*Your assignment*
Output only the lines below that start at the line containing "Pink Rose Cotton" and end at the line containing "potret Arif Muhammad", with both ends kept.
[[ Records provided open ]]
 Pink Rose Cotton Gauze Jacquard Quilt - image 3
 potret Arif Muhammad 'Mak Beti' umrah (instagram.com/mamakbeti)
[[ Records provided closed ]]
[[ Records provided open ]]
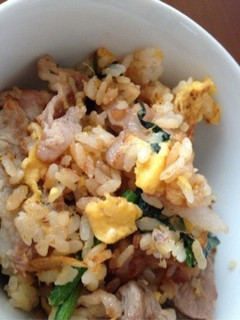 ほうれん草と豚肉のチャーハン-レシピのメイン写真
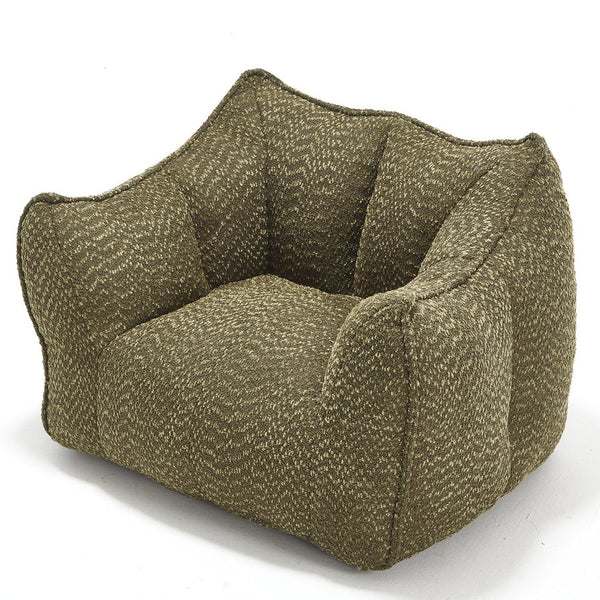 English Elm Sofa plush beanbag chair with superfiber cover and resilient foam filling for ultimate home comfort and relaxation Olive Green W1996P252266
[[ Records provided closed ]]
*Reply*
 Pink Rose Cotton Gauze Jacquard Quilt - image 3
 potret Arif Muhammad 'Mak Beti' umrah (instagram.com/mamakbeti)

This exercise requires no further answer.